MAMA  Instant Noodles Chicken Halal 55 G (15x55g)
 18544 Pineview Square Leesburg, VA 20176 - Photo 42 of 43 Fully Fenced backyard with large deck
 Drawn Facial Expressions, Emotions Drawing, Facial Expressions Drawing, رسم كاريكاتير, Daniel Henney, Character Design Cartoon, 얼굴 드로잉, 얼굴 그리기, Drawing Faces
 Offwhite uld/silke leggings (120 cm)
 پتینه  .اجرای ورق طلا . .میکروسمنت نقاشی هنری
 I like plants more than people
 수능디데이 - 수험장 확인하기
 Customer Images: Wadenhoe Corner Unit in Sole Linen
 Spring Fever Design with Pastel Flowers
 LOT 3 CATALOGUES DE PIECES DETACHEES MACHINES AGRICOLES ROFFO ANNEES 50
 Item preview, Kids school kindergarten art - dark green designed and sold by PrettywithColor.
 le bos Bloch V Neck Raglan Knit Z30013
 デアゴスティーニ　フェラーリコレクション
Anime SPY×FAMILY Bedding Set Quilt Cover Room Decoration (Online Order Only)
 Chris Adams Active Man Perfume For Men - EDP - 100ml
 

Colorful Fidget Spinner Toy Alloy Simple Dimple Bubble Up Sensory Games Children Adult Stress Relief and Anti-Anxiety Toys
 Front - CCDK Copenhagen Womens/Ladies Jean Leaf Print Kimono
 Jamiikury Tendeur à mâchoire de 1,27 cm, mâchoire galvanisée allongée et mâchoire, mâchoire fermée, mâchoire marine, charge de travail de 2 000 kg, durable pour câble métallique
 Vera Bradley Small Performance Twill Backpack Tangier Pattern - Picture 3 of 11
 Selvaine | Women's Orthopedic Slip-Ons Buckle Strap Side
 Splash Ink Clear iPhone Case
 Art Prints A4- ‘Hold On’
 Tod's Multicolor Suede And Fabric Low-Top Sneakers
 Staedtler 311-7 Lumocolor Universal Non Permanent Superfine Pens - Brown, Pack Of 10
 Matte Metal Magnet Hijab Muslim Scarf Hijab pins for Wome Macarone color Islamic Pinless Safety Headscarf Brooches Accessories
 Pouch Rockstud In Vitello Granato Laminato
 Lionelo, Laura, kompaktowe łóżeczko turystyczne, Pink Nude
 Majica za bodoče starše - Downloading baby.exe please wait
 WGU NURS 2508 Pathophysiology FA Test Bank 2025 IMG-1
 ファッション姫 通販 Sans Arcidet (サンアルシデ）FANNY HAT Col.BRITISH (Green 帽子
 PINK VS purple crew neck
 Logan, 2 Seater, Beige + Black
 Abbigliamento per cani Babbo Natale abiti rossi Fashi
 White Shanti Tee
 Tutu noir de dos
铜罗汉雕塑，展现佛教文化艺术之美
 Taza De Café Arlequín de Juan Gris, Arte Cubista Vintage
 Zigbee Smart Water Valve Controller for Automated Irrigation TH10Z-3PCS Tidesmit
=-=-=-=-=
PROMPT: Could you print, exactly and with nothing else, the lines from the one containing "Logan, 2 Seater, Beige + Black" through the last line of the records above?

ANSWER TO THIS TASK:
 Logan, 2 Seater, Beige + Black
 Abbigliamento per cani Babbo Natale abiti rossi Fashi
 White Shanti Tee
 Tutu noir de dos
铜罗汉雕塑，展现佛教文化艺术之美
 Taza De Café Arlequín de Juan Gris, Arte Cubista Vintage
 Zigbee Smart Water Valve Controller for Automated Irrigation TH10Z-3PCS Tidesmit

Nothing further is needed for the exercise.